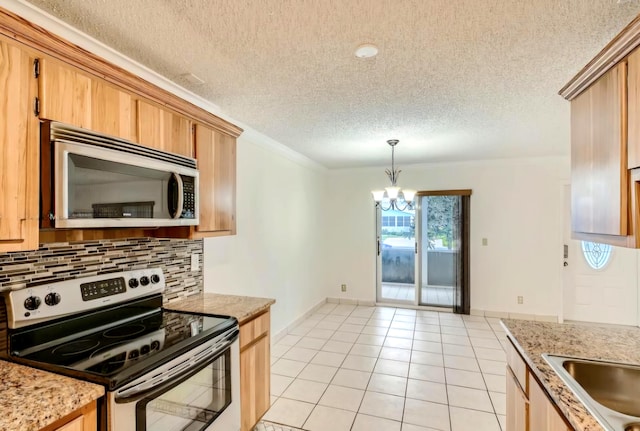 kitchen featuring appliances with stainless steel finishes, decorative light fixtures, an inviting chandelier, decorative backsplash, and light tile patterned floors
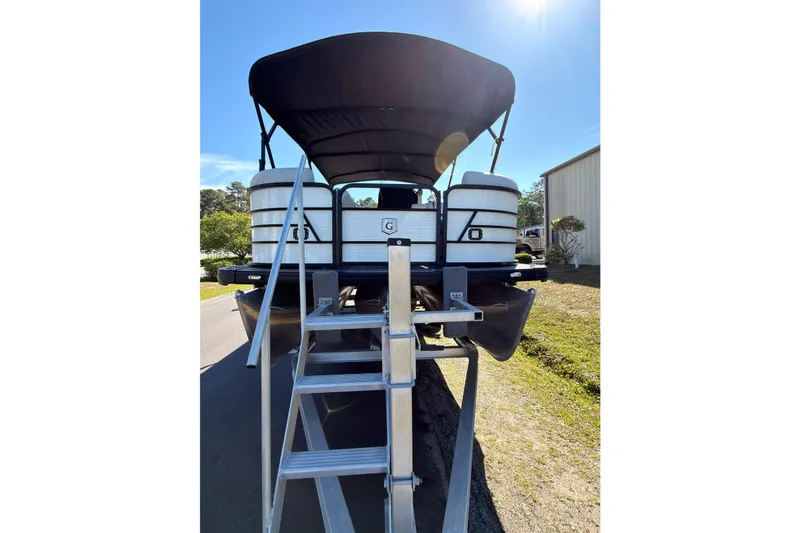 Slide: The Image of 2021 Godfrey 2286 pontoon boat with canopy and ladder, parked outdoors. - 6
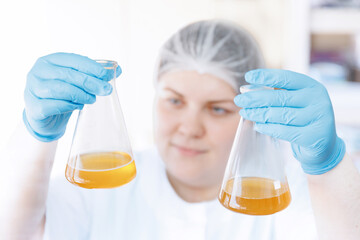 Laboratory assistant inspecting production beer, analysis drink in glasses. Concept brewery food industry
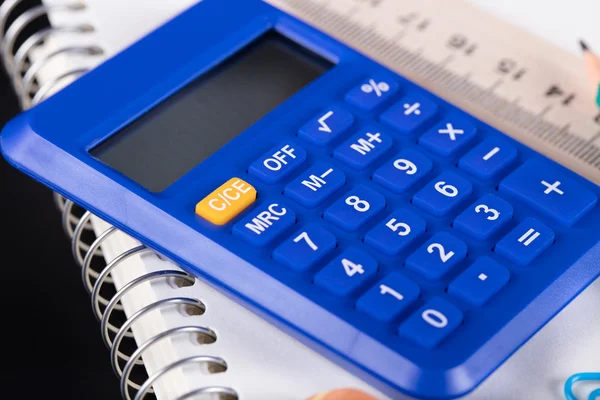 Calculator and Office supplies close-up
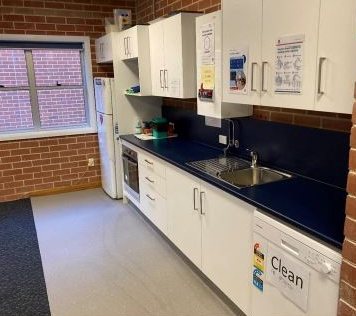 Clean school kitchen with white cabinets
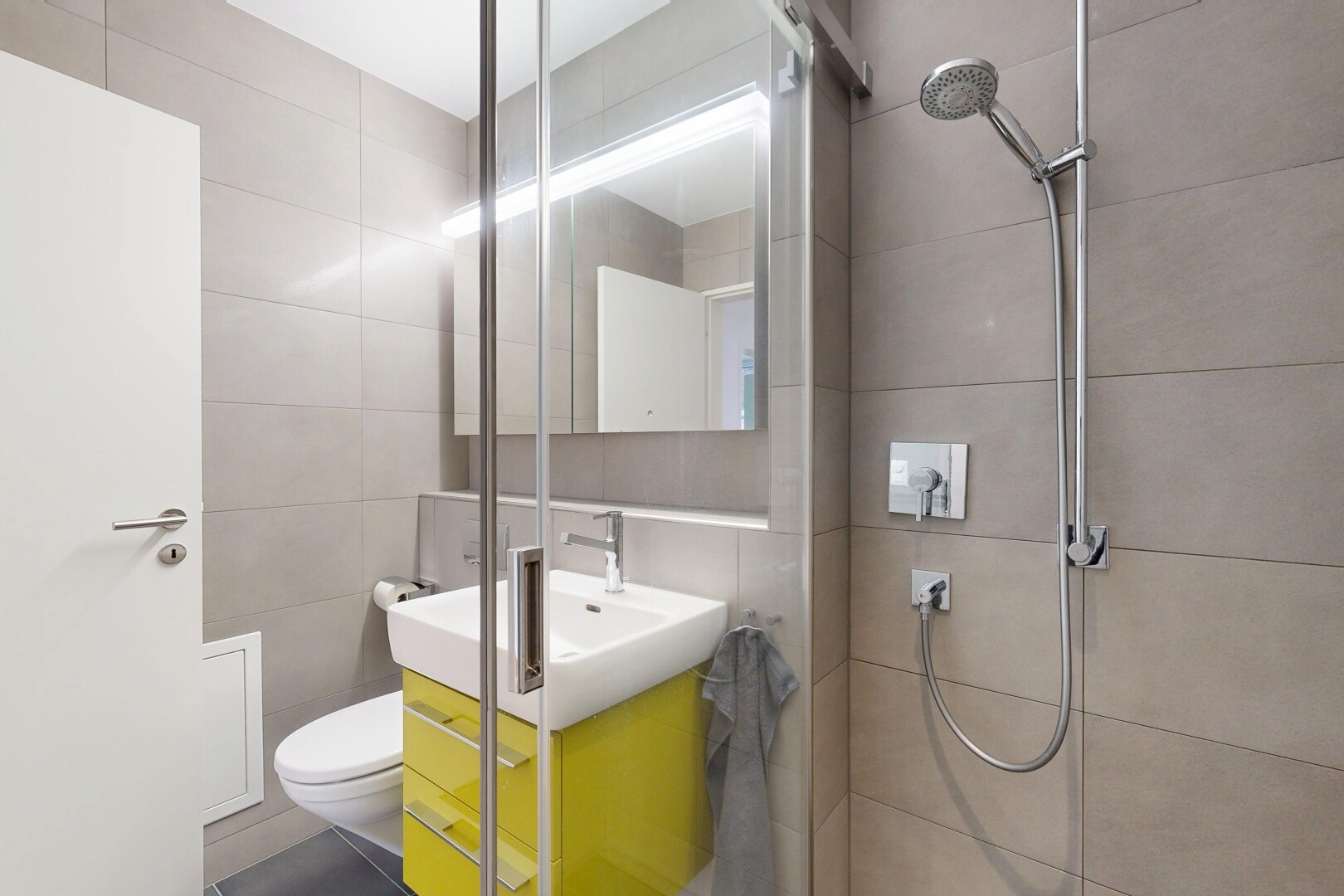 salle de bains avec tile wall, mur en carrelage, miroir, lavabo (ou coiffeuse selon le contexte), et douche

══════

Reproduce every record above exactly, but leave out the pictures.

 kitchen featuring appliances with stainless steel finishes, decorative light fixtures, an inviting chandelier, decorative backsplash, and light tile patterned floors
 Slide: The Image of 2021 Godfrey 2286 pontoon boat with canopy and ladder, parked outdoors. - 6
 Laboratory assistant inspecting production beer, analysis drink in glasses. Concept brewery food industry
 Calculator and Office supplies close-up
 Clean school kitchen with white cabinets
 salle de bains avec tile wall, mur en carrelage, miroir, lavabo (ou coiffeuse selon le contexte), et douche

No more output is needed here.